De telle sorte la décision prise par la commune de Montaigu-Vendée de rejeter sa candidature et de son offre doit être suspendue, avec injonction de reprendre la procédure au stade de l’analyse des offres en y intégrant celle de la société Philippe Védiaud.
La seconde affaire, portée devant les juges du Tribunal administratif de Toulouse,concerne la passation de quarante-six marchés subséquents d’un accord-cadre multi-attributaire ayant pour objet le transport des élèves et étudiants en situation de handicap pour le département de l’Ariège. La SAS Trans-mobilités Services, ayant déposé successivement plusieurs plis pour différents marchés, a vu six de ses offres écartées pour dépôt tardif. Après une première réclamation auprès du département, le SAS a formé un référé contractuel en vue d’obtenir l’annulation de quatorze marchés subséquents pour l’année scolaire 2025/2026.

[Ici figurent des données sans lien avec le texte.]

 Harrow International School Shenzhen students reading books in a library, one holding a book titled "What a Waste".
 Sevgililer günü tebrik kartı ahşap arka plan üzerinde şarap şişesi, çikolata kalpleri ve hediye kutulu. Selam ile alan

En demande,la société alléguait de dysfonctionnements qui l’auraient empêchée de télécharger huit dossiers et de remettre six offres, en raison notamment d’une fenêtre lui indiquant qu’elle ne pouvait répondre à d’autres consultations pour la journée. En sus, la société arguait de trois appels restés sans réponse au service d’assistance téléphonique de la plateforme de dématérialisation.
Néanmoins,le juge, après avoir rappelé l’office du juge du référé contractuel, opère un listage particulièrement exhaustif des conditions générales d’utilisation(« CGU ») de la plateforme de dématérialisation, avant d’en tirer les conséquences suivantes :
- l’article 5 des CGU prévoit une limitation du nombre de téléchargements quotidiens ainsi que de dépôts sur la plateforme, à 5 occurrences pour chaque hypothèse, de telle sorte qu’en se connectant pour la première fois sur la plateforme le 3août 2025, soit quatorze jours avant la date de remise des offres, la société était réputée avoir non seulement pris connaissance des CGU mais également accepté celles-ci et était donc en mesure de répondre à l’ensemble des marchés subséquents malgré les limitations fixées ;
- l’article 7, quant à lui, prévoit les conditions d’accès au service d’assistance – avec une mise à disposition, les jours ouvrés, de 8h30 à 18h30, de telle sorte qu’en contactant la hotline les vendredi 15, samedi 16 et dimanche 17 août, la société ne pouvait se prévaloir de l’absence de réponse de la part du serveur.
En conséquence, les juges considèrent que le moyen tiré d’un dysfonctionnement de la plateforme, compte tenu du manque de diligence caractérisé de la société dans l’utilisation de la plateforme, doit être écarté.
Il résulte de ces deux affaires aux issues pourtant opposées que le juge opère un réel contrôle sur les arguments et différents éléments de preuve fournis par l’entreprise, qui supporte par ailleurs la charge de la preuve, pour attester du dysfonctionnement allégué de la plateforme de dématérialisation.
Conclusion
Si de telles décisions semblent assez strictes sur leur principe, il convient de nuancer à ce stade en rappelant que le juge apprécie de manière très concrète les circonstances propres à chaque espèce, de telle sorte que le dysfonctionnement peut être admis par le juge en cas d’apport, par l’entreprise, d’éléments venant corroborer de manière tangible le moyen tenant aux anomalies rencontrées lors du dépôt de l’offre.